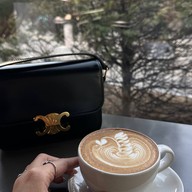 Blue Bottle อัพกูจอง โซล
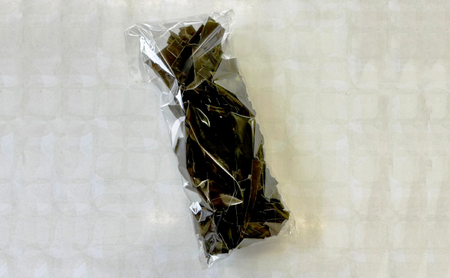 [訳あり・不揃い]オホーツク枝幸の利尻昆布 200g [南宗谷ひだまりの会]【 昆布 利尻昆布 高級昆布 お出汁 コンブ こんぶ 規格外 北海道 オホーツク 枝幸 送料無料 】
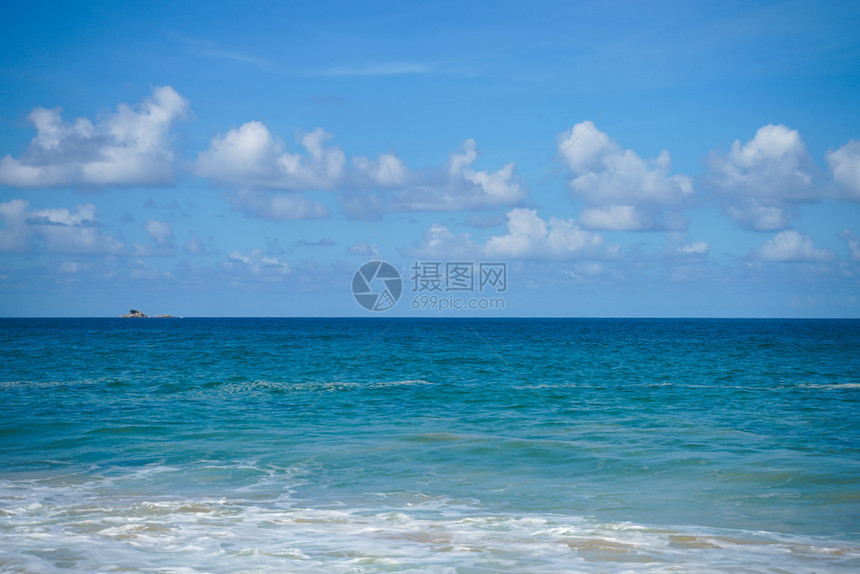 夏天美丽的阳光蓝色天空和海面背景风貌图片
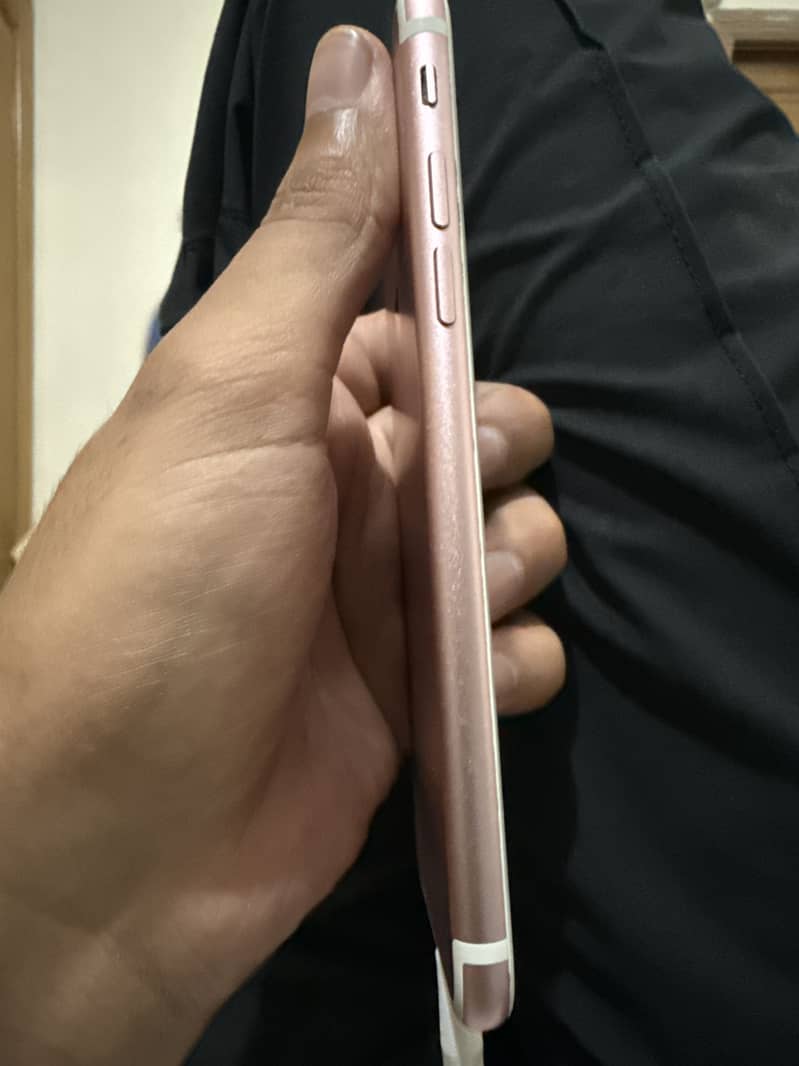 Apple iPhone 7 3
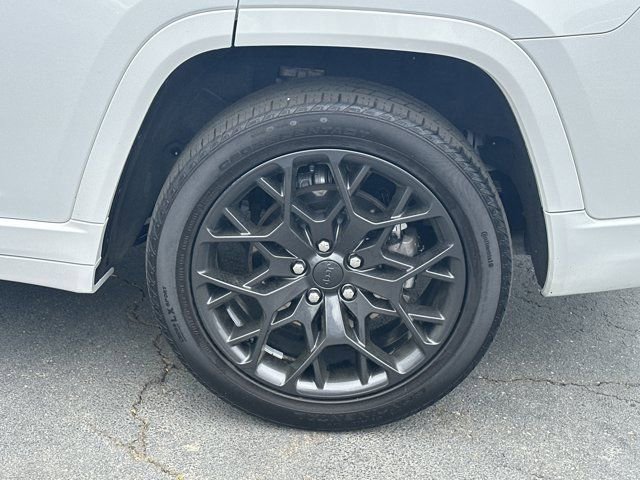 Used 2024 Jeep Grand Cherokee L Summit image 25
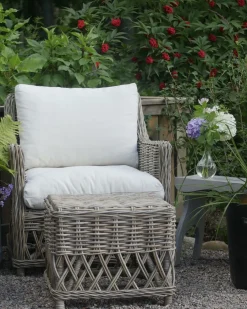 Set di 2 poltrone da giardino con cuscini RIBOLLA con poggiapiedi Rattan Naturale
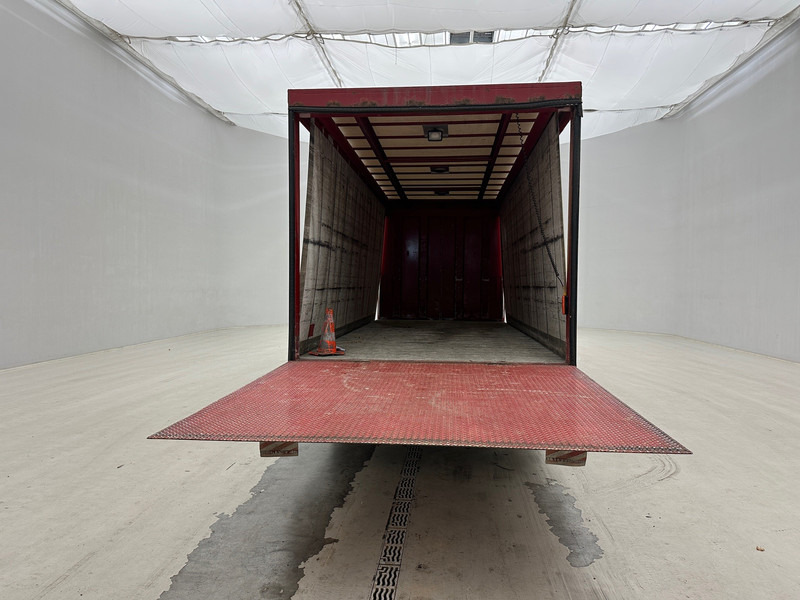 Φορτηγό μουσαμάς Volvo FL 220: φωτογραφία 7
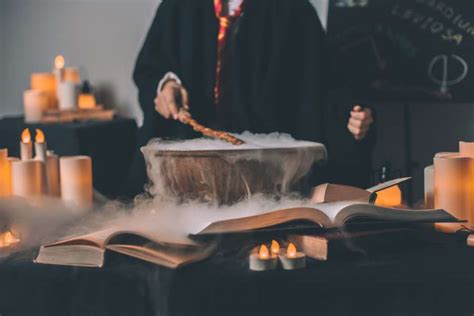 🥇 Image of person performing magic ritual - 【FREE PHOTO】 100012199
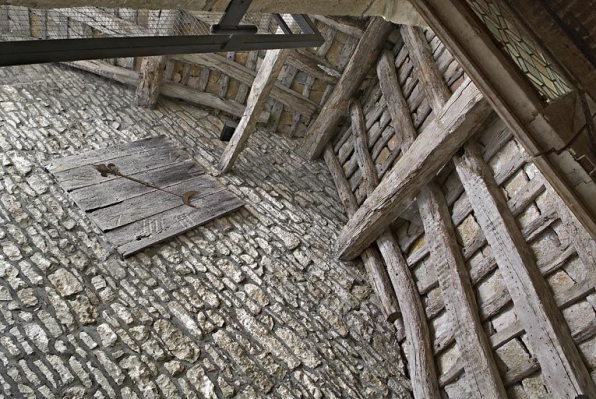 Porche. © Région Bourgogne-Franche-Comté, Inventaire du patrimoine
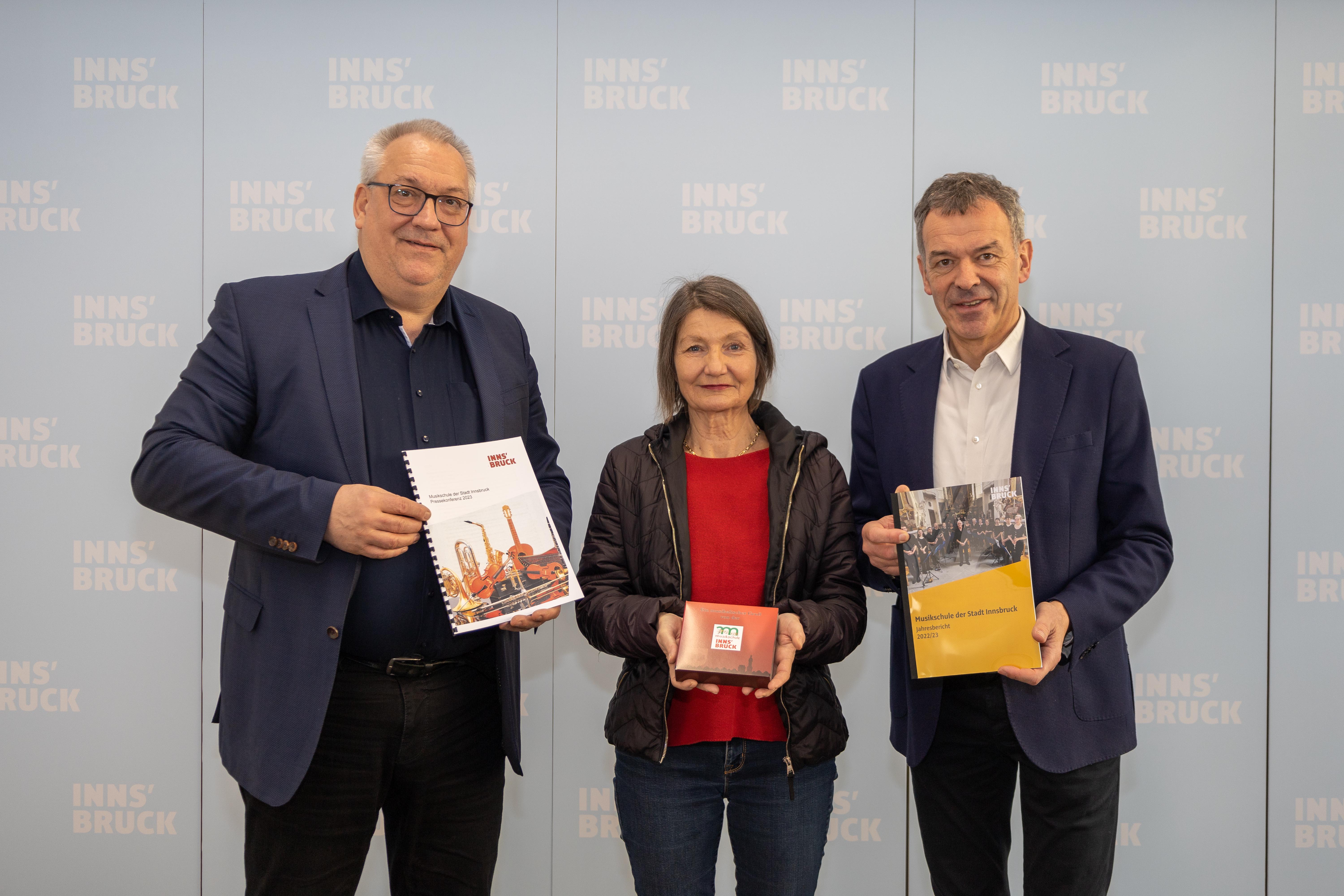 Bürgermeister Georg Willi (r.), Kulturstadträtin Uschi Schwarzl und Musikschuldirektor Wolfram Rosenberger (l.) ziehen erfolgreich Bilanz für das Jahr 2023 und geben einen Ausblick auf das kommende Jahr.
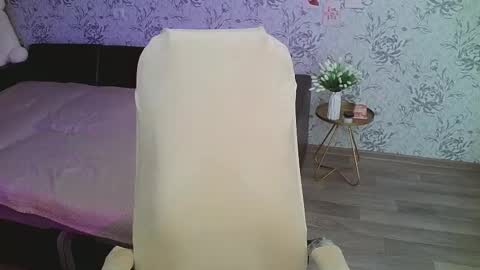 Annie online show from February 2025 01:16:02 AM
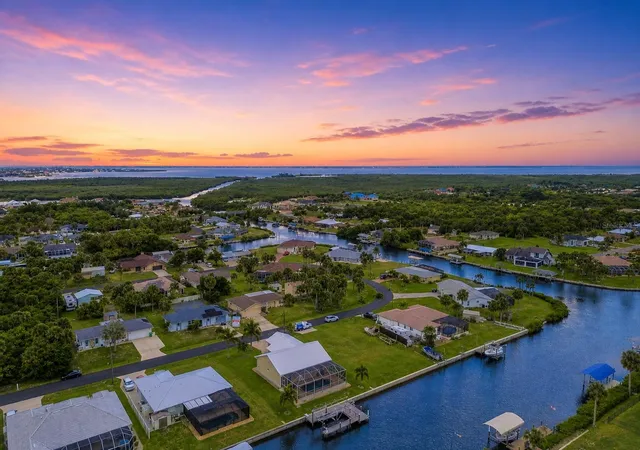 Photo 3 of Single family home for sale at 4462 Ewing Cir, Port Charlotte, FL 33948 | MLS# A4692230 | Listing updated on 2026-10-22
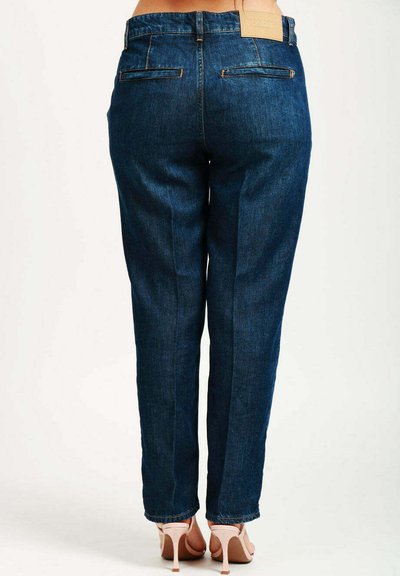 Jeans in denim blu scuro con design a gamba dritta, dotati di due tasche posteriori e di un'etichetta in pelle sul cinturino.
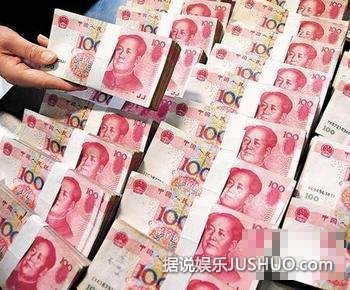 福州现土豪婚宴：压桌菜为大摞人民币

* [Exercise prompt]
Every entry is to be transcribed exactly, but the pictures are to be left out.

* [Answer to the exercise]
 Blue Bottle อัพกูจอง โซล
 [訳あり・不揃い]オホーツク枝幸の利尻昆布 200g [南宗谷ひだまりの会]【 昆布 利尻昆布 高級昆布 お出汁 コンブ こんぶ 規格外 北海道 オホーツク 枝幸 送料無料 】
 夏天美丽的阳光蓝色天空和海面背景风貌图片
 Apple iPhone 7 3
 Used 2024 Jeep Grand Cherokee L Summit image 25
 Set di 2 poltrone da giardino con cuscini RIBOLLA con poggiapiedi Rattan Naturale
 Φορτηγό μουσαμάς Volvo FL 220: φωτογραφία 7
 🥇 Image of person performing magic ritual - 【FREE PHOTO】 100012199
 Porche. © Région Bourgogne-Franche-Comté, Inventaire du patrimoine
 Bürgermeister Georg Willi (r.), Kulturstadträtin Uschi Schwarzl und Musikschuldirektor Wolfram Rosenberger (l.) ziehen erfolgreich Bilanz für das Jahr 2023 und geben einen Ausblick auf das kommende Jahr.
 Annie online show from February 2025 01:16:02 AM
 Photo 3 of Single family home for sale at 4462 Ewing Cir, Port Charlotte, FL 33948 | MLS# A4692230 | Listing updated on 2026-10-22
 Jeans in denim blu scuro con design a gamba dritta, dotati di due tasche posteriori e di un'etichetta in pelle sul cinturino.
 福州现土豪婚宴：压桌菜为大摞人民币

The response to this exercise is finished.